Production taxes increased to $9.7 million (3.7% of oil and gas revenues) for the nine months ended September 30, 2012 from $3.7 million (2.5% of oil and gas revenues) for the nine months ended September 30, 2011. The increase in production taxes is due primarily to increased oil production. The increase in production taxes as a percentage of oil and gas revenues was primarily due to increased oil production, which has a higher effective production tax rate as compared to our natural gas production.
Ad valorem taxes increased to $8.2 million ($1.17 per Boe) for the nine months ended September 30, 2012 from $2.7 million ($0.49 per Boe) for the same period in 2011. The increase in ad valorem taxes is due primarily to new oil wells drilled in 2011 and the Commonwealth of Pennsylvania's February 2012 enactment of an "impact fee" on the drilling of unconventional natural gas wells. Because of the retroactive nature of the impact fee, approximately $1.2 million of ad valorem taxes recognized during the first nine months of 2012 is attributable to wells drilled prior to 2012. The increase in ad valorem taxes per unit is due primarily to new oil wells drilled in 2011, which have higher property tax valuations as compared to our natural gas wells, as well as the recognition of the impact fee in 2012.
DD&A expense for the nine months ended September 30, 2012 increased $63.9 million to $121.5 million ($17.21 per Boe) from $57.6 million ($10.43 per Boe) for the same period in 2011. The $63.9 million increase in DD&A is attributable to both the increase in production and an increase in the DD&A rate per Boe.
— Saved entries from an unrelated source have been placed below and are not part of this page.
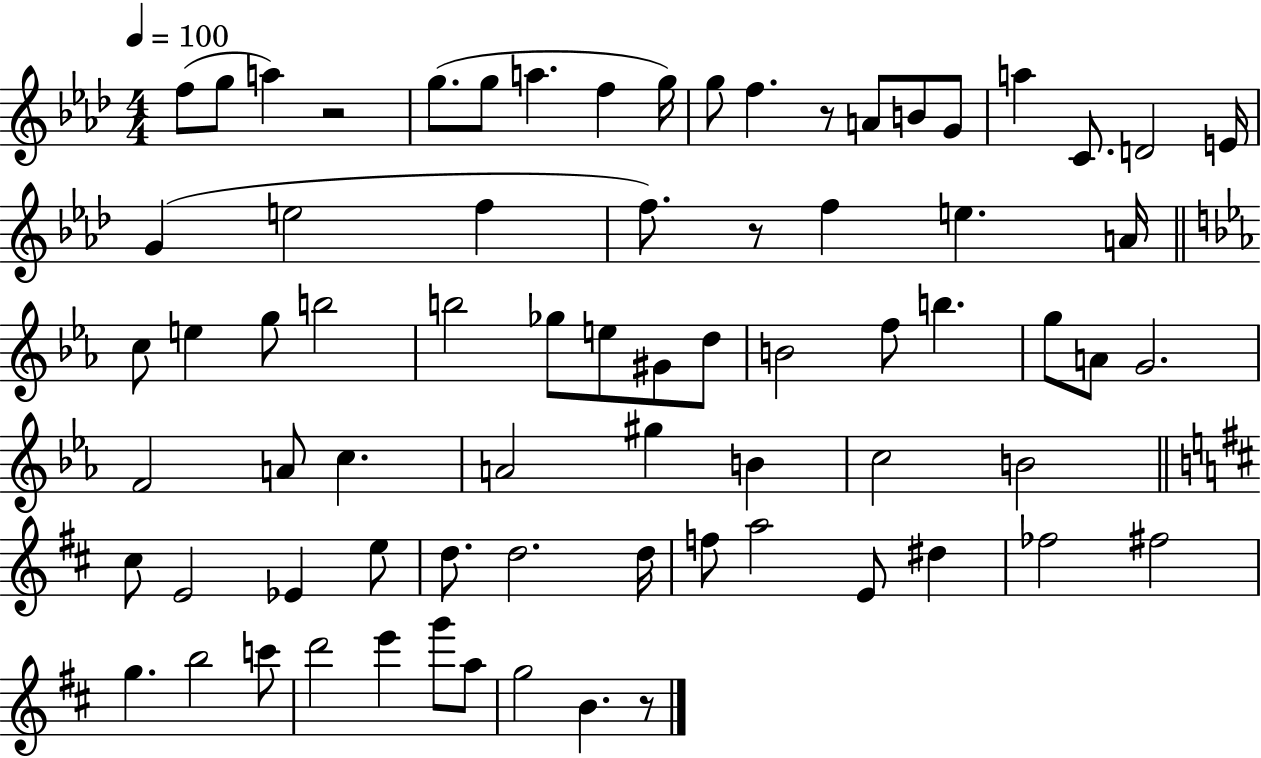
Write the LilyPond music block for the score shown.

{
  \clef treble
  \numericTimeSignature
  \time 4/4
  \key aes \major
  \tempo 4 = 100
  f''8( g''8 a''4) r2 | g''8.( g''8 a''4. f''4 g''16) | g''8 f''4. r8 a'8 b'8 g'8 | a''4 c'8. d'2 e'16 | \break g'4( e''2 f''4 | f''8.) r8 f''4 e''4. a'16 | \bar "||" \break \key ees \major c''8 e''4 g''8 b''2 | b''2 ges''8 e''8 gis'8 d''8 | b'2 f''8 b''4. | g''8 a'8 g'2. | \break f'2 a'8 c''4. | a'2 gis''4 b'4 | c''2 b'2 | \bar "||" \break \key d \major cis''8 e'2 ees'4 e''8 | d''8. d''2. d''16 | f''8 a''2 e'8 dis''4 | fes''2 fis''2 | \break g''4. b''2 c'''8 | d'''2 e'''4 g'''8 a''8 | g''2 b'4. r8 | \bar "|."
}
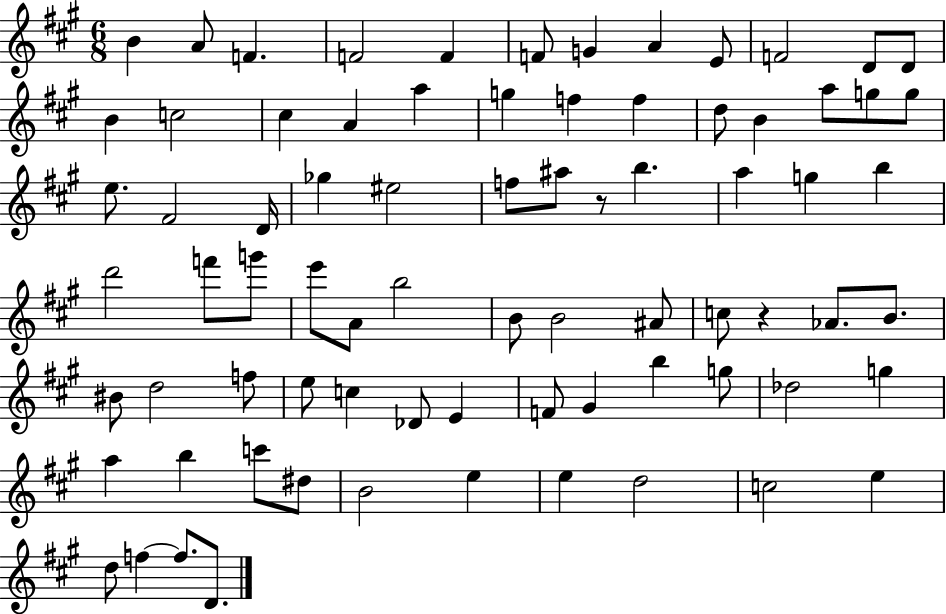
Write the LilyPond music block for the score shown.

{
  \clef treble
  \numericTimeSignature
  \time 6/8
  \key a \major
  b'4 a'8 f'4. | f'2 f'4 | f'8 g'4 a'4 e'8 | f'2 d'8 d'8 | \break b'4 c''2 | cis''4 a'4 a''4 | g''4 f''4 f''4 | d''8 b'4 a''8 g''8 g''8 | \break e''8. fis'2 d'16 | ges''4 eis''2 | f''8 ais''8 r8 b''4. | a''4 g''4 b''4 | \break d'''2 f'''8 g'''8 | e'''8 a'8 b''2 | b'8 b'2 ais'8 | c''8 r4 aes'8. b'8. | \break bis'8 d''2 f''8 | e''8 c''4 des'8 e'4 | f'8 gis'4 b''4 g''8 | des''2 g''4 | \break a''4 b''4 c'''8 dis''8 | b'2 e''4 | e''4 d''2 | c''2 e''4 | \break d''8 f''4~~ f''8. d'8. | \bar "|."
}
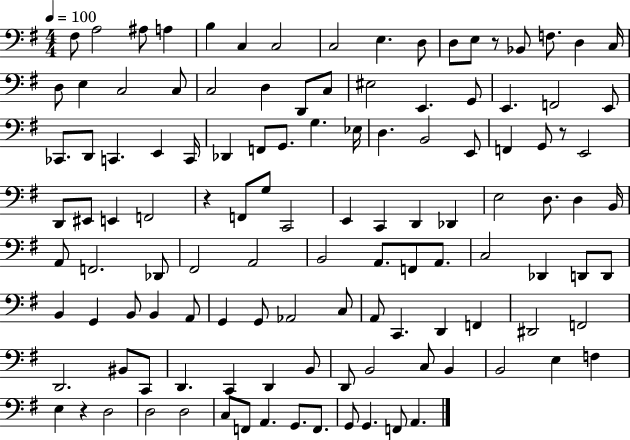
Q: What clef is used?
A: bass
The increase in the DD&A rate per Boe is largely due to the impact of the significant decrease in natural gas reserves in the Barnett Shale as a result of the Atlas and KKR sales as well as the increase in crude oil reserves in the Eagle Ford that were added in 2011 and 2012, which have a higher finding cost per Boe than our natural gas reserves.
General and administrative expense increased to $37.0 million for the nine months ended September 30, 2012 from $28.1 million for the corresponding period in 2011. The increase was primarily due to increased compensation costs related to an increase in personnel in the nine months ended September 30, 2012 as compared to the nine months ended September 30, 2011 and higher stock-based compensation expense due to a higher number of restricted stock awards outstanding at higher prices during 2012 as compared to the same period of 2011.
The net gain on derivative instruments of $26.4 million in the first nine months of 2012 consisted of a $3.9 million unrealized loss on derivatives and a $30.3 million realized gain on derivatives. The net gain on derivative instruments of $37.5 million in the first nine months of 2011 was comprised of a $23.5 million realized gain on derivatives and a $14.0 million unrealized gain on derivatives.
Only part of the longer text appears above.